Joint, North and South Korea
The first railway link for 50 years between the previously hostile countries of North and South Korea was officially completed in June 2003 following a new era of co-operation.
At the end of the Second World War, Korea (a Japanese colony) was split into Communist North and pro-Western South. The railway between the two was cut in 1945, when the Korean Peninsula was divided.
The situation worsened after the 1950-53 Korean War when all traces of the railways, some built by the Japanese, were removed. Technically, the two Koreas are still at war because the conflict ended in a truce without a peace treaty.
A demilitarised zone (known as the DMZ) has separated the North and South since the war. The DMZ is an ‘no-mans’ area of land, 4km (2.5 miles) wide with a 243km (151 mile) long border strewn with mines and guarded by nearly two million troops on the two sides. The United States has 37,000 troops stationed in South Korea. There is only one crossing point and meeting place in the zone, at Panmunjom truce village near the west coast.
The plan to reconnect the two Koreas with a railway, and adjacent road, was agreed in 2000. A ceremony on 18 September 2002 marked the beginning of construction and another was held on 13 June 2003 to mark its completion. It was the day before the third anniversary of the inter-Korean summit meeting, the first time a South Korean president has ever visited the North. Although the prime use of the railway is intended to be freight, it is also envisaged that it could be used to re-unite families who were separated in the north and south after the 1953 truce.
Reconnection of the Kyongi Line links Seoul (close to the DMZ) with Shinuiju on the Chinese border and the Donghae Line running north-south in the eastern coastal areas. It connects the 70 million people on the Korean peninsula to the Trans-China Railway and Trans-Siberian Railway, the latter creating a route for rail freight to Europe, crucial for South Korea’s export-driven economy. The Trans-Korea railway will reduce transport costs by about a third and cut transit times in half.
The scheme is supported by Russia, traditionally North Korea’s ally. Russia will benefit from the additional rail freight running over its lines.
Under the 2000 agreement, the North pledged to reconnect a 15.3km (9.5 mile) section of the Kyungeui railway from Kaesong station to the DMZ in the north, and the South to build a 1.8km (1.1 miles) section in the DMZ. A two-lane road was built alongside the Kyungeui railway line, also opening in 2003.
Under the latest agreement, North and South Korea restored a 27.5km (17 mile) section of the Donghae line to link the North’s Onjong-ri in the first stage.

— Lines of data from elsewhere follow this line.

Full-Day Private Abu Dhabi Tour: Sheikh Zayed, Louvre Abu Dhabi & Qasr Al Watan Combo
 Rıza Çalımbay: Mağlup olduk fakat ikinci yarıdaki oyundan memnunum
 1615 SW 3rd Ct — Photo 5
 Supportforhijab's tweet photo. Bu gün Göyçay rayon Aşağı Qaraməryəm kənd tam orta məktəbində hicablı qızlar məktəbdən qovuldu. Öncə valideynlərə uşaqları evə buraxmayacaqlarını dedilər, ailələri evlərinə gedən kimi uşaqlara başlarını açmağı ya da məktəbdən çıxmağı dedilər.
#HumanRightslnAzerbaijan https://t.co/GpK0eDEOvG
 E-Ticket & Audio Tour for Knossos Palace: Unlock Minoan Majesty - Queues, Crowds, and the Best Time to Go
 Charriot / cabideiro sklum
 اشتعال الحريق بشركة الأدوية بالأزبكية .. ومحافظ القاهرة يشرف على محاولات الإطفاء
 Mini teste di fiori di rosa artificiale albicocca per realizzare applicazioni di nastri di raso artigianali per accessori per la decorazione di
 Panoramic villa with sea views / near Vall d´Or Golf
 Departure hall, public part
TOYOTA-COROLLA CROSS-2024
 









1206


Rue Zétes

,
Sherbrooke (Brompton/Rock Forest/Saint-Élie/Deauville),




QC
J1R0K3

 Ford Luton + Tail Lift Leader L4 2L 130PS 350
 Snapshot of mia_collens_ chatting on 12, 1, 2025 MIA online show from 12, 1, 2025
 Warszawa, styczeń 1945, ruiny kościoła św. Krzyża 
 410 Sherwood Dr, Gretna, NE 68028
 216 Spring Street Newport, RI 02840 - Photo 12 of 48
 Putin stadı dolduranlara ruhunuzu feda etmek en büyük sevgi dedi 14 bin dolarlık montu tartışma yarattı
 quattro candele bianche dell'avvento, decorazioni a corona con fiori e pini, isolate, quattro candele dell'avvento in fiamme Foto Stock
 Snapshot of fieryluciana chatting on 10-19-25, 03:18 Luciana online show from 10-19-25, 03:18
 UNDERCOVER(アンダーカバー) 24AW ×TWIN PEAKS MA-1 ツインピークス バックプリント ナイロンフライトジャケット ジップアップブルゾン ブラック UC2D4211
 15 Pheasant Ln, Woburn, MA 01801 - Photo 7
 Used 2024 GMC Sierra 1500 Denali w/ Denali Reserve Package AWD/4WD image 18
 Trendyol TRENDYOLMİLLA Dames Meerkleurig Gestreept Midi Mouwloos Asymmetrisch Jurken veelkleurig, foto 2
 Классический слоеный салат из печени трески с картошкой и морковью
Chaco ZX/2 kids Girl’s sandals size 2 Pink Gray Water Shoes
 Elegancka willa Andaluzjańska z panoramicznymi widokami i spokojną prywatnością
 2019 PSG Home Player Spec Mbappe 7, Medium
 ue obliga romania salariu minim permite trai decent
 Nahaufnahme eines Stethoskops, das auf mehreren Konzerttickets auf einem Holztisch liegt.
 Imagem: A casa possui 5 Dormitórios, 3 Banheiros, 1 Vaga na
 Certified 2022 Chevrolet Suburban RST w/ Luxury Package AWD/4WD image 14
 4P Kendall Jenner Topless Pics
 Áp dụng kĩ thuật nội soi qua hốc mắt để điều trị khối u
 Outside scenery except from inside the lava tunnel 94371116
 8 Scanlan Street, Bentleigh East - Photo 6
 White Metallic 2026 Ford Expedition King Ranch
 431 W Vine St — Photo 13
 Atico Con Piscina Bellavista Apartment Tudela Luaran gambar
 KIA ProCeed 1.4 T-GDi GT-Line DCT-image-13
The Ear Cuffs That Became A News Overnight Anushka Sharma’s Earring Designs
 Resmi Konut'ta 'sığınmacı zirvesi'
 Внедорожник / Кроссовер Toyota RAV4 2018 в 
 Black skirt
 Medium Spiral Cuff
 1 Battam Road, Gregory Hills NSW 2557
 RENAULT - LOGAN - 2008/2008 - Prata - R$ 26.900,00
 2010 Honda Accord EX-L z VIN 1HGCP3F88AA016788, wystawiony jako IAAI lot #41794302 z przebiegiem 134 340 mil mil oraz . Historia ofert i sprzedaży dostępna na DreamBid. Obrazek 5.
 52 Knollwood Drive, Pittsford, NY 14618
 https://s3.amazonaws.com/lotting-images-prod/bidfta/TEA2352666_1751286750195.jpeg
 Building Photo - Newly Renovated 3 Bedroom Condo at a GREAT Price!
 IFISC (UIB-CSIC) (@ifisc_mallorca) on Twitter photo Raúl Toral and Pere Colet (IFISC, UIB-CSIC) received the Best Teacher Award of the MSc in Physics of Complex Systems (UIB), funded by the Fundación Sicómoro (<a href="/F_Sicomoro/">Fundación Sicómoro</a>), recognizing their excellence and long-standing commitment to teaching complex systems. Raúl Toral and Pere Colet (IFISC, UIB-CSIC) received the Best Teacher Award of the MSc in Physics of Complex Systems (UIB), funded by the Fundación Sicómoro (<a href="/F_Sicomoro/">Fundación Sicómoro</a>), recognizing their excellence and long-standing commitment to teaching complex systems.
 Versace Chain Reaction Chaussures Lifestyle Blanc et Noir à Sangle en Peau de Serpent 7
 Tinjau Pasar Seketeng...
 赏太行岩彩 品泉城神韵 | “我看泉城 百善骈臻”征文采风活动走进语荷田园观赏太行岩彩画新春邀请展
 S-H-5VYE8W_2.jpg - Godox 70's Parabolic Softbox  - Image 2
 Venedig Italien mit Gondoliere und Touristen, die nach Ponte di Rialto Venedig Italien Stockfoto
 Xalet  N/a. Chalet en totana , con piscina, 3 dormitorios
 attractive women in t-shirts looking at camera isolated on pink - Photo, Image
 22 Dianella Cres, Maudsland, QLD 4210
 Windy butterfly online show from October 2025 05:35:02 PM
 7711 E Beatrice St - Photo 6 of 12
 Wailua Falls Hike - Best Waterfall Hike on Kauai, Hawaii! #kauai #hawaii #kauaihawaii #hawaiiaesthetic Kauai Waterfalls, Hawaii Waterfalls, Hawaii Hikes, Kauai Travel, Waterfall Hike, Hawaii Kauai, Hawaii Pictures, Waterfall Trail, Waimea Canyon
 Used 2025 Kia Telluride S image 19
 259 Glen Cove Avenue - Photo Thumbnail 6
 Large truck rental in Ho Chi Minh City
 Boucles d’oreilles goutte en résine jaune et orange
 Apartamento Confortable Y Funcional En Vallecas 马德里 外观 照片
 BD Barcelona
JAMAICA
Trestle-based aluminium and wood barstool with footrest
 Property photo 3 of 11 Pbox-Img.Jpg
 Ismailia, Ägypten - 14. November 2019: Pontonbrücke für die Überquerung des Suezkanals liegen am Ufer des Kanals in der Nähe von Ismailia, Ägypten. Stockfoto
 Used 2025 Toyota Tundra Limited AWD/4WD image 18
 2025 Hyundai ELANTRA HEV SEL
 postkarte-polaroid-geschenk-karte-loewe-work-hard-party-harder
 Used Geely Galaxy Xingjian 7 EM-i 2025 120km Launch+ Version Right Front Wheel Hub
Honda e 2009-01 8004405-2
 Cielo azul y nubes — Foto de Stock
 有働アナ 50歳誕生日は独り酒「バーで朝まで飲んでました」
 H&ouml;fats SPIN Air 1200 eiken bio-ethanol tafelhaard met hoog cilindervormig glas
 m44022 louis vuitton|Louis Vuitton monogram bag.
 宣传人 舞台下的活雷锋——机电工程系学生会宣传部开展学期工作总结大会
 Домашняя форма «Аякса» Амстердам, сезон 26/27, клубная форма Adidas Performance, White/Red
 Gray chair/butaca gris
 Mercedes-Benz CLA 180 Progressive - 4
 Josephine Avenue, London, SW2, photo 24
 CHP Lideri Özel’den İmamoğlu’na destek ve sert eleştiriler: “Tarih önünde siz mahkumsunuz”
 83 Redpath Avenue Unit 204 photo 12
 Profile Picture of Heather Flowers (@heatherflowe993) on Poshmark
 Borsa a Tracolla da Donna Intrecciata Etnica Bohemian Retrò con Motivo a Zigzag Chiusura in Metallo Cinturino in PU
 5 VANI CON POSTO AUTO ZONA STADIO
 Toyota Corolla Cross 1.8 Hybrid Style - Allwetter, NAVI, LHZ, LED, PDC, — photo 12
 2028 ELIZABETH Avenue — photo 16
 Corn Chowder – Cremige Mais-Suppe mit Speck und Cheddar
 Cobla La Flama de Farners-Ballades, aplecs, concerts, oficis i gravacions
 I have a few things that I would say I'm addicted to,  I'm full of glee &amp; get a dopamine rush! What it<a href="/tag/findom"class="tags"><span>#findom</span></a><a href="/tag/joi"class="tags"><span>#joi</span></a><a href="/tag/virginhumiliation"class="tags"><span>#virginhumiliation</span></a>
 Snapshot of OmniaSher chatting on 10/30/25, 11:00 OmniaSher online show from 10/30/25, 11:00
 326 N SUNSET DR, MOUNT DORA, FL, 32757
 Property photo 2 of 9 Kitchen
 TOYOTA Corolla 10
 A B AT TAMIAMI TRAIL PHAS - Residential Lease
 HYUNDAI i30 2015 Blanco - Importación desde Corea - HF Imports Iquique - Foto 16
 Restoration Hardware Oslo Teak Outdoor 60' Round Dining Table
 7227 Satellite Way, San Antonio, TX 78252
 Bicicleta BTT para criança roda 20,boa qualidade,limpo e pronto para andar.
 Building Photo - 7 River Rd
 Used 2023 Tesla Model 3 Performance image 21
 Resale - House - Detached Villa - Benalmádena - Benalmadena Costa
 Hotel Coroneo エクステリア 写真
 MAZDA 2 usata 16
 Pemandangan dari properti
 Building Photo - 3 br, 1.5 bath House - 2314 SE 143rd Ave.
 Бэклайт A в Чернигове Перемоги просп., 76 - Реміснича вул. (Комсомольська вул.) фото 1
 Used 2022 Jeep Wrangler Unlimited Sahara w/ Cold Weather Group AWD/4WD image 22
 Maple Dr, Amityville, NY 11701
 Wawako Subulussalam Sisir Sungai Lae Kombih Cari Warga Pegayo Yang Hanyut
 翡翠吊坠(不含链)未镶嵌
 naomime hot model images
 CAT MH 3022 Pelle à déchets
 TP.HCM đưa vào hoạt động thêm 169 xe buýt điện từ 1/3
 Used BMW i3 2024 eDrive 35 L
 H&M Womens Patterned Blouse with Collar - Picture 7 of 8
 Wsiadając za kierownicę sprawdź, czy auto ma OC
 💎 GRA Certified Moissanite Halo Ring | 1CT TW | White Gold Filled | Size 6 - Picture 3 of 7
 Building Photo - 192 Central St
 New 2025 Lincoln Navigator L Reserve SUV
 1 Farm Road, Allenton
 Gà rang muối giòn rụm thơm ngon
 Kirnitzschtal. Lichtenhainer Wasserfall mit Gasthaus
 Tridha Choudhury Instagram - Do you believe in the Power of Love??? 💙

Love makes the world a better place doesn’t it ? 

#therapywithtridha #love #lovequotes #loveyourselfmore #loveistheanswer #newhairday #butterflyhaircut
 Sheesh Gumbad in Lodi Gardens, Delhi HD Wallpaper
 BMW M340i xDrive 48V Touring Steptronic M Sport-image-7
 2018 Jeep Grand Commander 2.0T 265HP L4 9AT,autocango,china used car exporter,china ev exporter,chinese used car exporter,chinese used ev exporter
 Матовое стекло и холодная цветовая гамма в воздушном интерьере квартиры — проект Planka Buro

In the South, Dorasan station is the last South Korean stop on the line and has been the focus of ceremonies.
The line between Onjong-ri and Jojin on the east coast will be rebuilt as a single-track railway in the first phase.
The boundary railway stations of the two sides will be built separately by the North and South in locations the Governments feel are convenient, outside the DMZ. South Korea chose Dorasan station for its boundary station. The line is built to allow heavy freight with diesel locomotive haulage.
The South supplied the first batch of equipment and materials for the project to the North which are needed to reconnect rail and road links in the North in the east and west coastal areas, through Wonsan and Haeju ports.
The main task was to clear hundreds of land mines to create a safe corridor for the road and railway. Both sides were engaged in this dangerous work. Work started on this task in September 2002.
North Korea uses older rolling stock, largely supplied by its ally Russia. South Korea’s equipment is more modern but both use coaches hauled by locomotives for long-distance services.
It is expected that initially rolling stock and diesel locomotives will be jointly provided. In the longer term, new trains could be ordered.
Initially, the single-track railway is being run as a self-contained operation between two border stations only, and has its own signalling and communications system.
The railway crosses the border on the west coast and if relations between the two countries improve dramatically it could become very busy. The east coast branch provided the shortest route to key port of Wonsan, the Trans-Siberian Railway and Vladivostok. The west coast route is the most direct to reach the Trans-China railway.
Ultimately it has been agreed that the road adjacent to the new railway will be rebuilt with four lanes. An industrial zone is planned to be built in the North at Kaesong, close to the DMZ.
Ultimately the line could be doubled-tracked and upgraded to a high-speed route. Electrification, already used in South Korea, could be extended.